Towards UVM: Using Coroutines for Low-overhead Dynamic Scheduling in Verilator

  • February 1, 2022

  • 8 minutes

  • 1621 words

featured-image

This post was originally published at Antmicro.

Verilator is a popular open source SystemVerilog simulator and one of the key tools in the ASIC and FPGA ecosystem, which Antmicro is actively using and developing, e.g. by enabling co-simulation with Renode or Cocotb integration. It’s also one of the fastest available HDL simulators, including proprietary alternatives. It achieves that speed by generating highly optimized C++ code from a given hardware design. Verilator does a lot of work at compile-time to make the generated (‘verilated’) code extremely fast, such as ordering statements in an optimal way.

Verilation diagram

This static ordering of code also means that support for some SystemVerilog features has been sacrificed to make Verilator so performant. Namely, Verilator does not support what is known as the stratified scheduler, an algorithm that specifies the correct order of execution of SystemVerilog designs. This algorithm is dynamic by nature, and does not fit with Verilator’s static approach.

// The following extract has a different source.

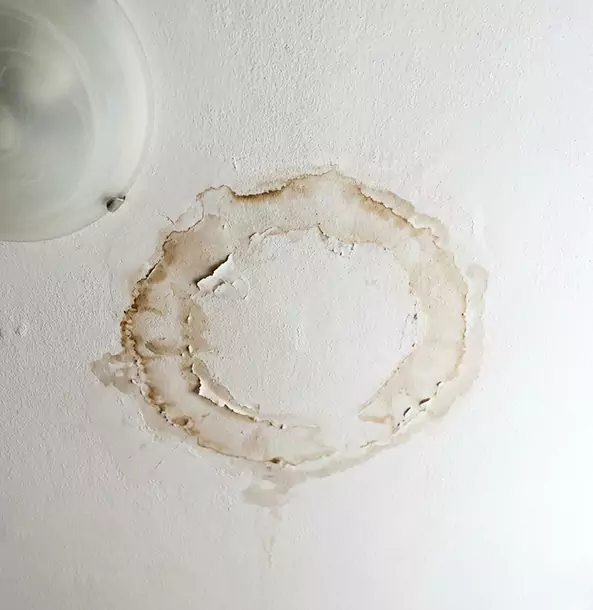 Why Sautee Nacoochee Property Owners Choose Sautee Nacoochee Restoration Pro for Ceiling Water Damage Restoration?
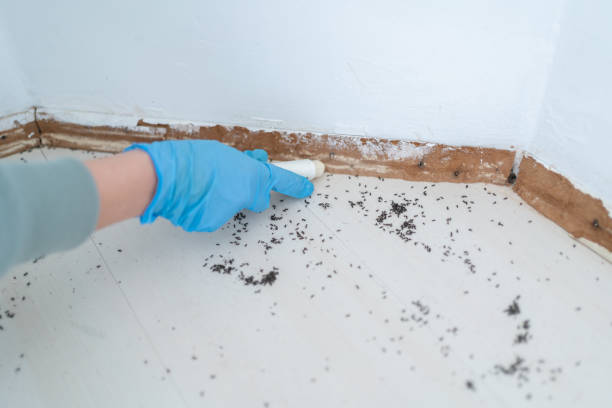 Best Wildlife Control Services  in Nipomo, CA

Because of this, it doesn’t support UVM, a widely-used framework for testing hardware design. Testbenches for Verilator have to be written using C++, which is not ideal – you shouldn’t have to know how to program in C++ in order to use a SystemVerilog simulator. Many ASIC projects out there are not able to take advantage of Verilator, because verification in this space is very often done with UVM. This is a gap that together with Western Digital, Google and the entire CHIPS Alliance we have been working to close, to enable fully open source, cloud-scalable verification usable by the broad ASIC industry.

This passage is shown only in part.